Roman consul Lucius Mummius destroyed Corinth in 146 B.C., looting it, killing the men, selling the children and women, and burning what remained.

" [2.1.2] Corinth is no longer inhabited by any of the old Corinthians, but by colonists sent out by the Romans. This change is due to the Achaean League. The Corinthians, being members of it, joined in the war against the Romans, which Critolaus, when appointed general of the Achaeans, brought about by persuading to revolt both the Achaeans and the majority of the Greeks outside the Peloponnesus. When the Romans won the war, they carried out a general disarmament of the Greeks and dismantled the walls of such cities as were fortified. Corinth was laid waste by Mummius, who at that time commanded the Romans in the field, and it is said that it was afterwards refounded by Caesar, who was the author of the present constitution of Rome. Carthage, too, they say, was refounded in his reign."
Pausanias; op. cit.

By the time of the New Testament's St. Paul (author of Corinthians), Corinth was a booming Roman town, having been made a colony by Julius Caesar in 44 B.C. -- Colonia Laus Iulia Corinthiensis. Rome rebuilt the city in Roman fashion, and settled it, mostly with freedmen, who grew prosperous within two generations. In the early 70s A.D., Emperor Vespasian established a second Roman colony at Corinth -- Colonia Iulia Flavia Augusta Corinthiensis. It had an amphitheater, a circus, and other characteristic buildings and monuments. After the Roman conquest, the official language of Corinth was Latin until the time of Emperor Hadrian, when it became Greek.

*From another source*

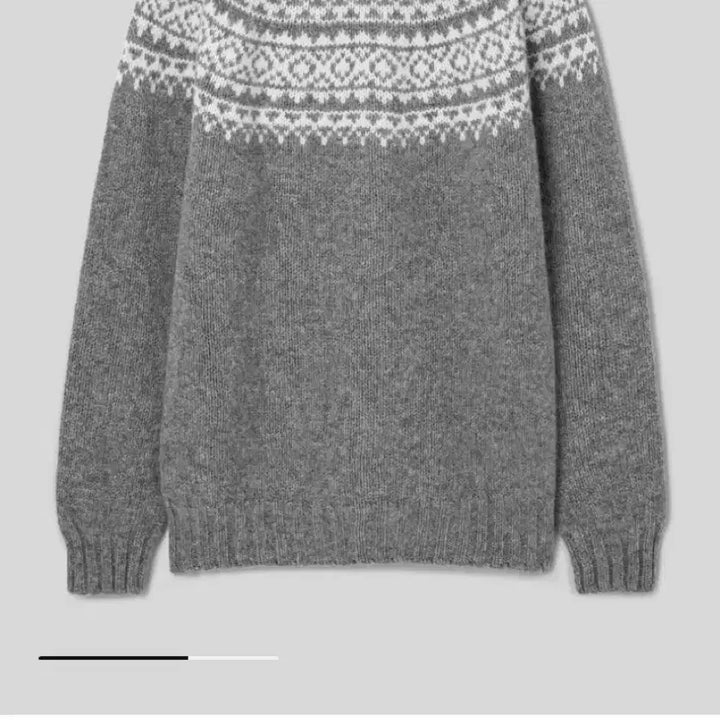[BUNJANG] Harley of Scotland Gray Pattern Knit Sweater / Harley of Scotland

Located by the Isthmus, Corinth was responsible for the Isthmian Games, second in importance to the Olympics and held every two years in the spring.

 

Also Known As: Ephyra (old name)

Examples:

The highpoint or citadel of Corinth was called the Acrocorinth.

Thucydides 1.13 says Corinth was the first Greek city to build war galleys:

"The Corinthians are said to have been the first that changed the form of shipping into the nearest to that which is now in use, and at Corinth are reported to have been made the first galleys of all Greece."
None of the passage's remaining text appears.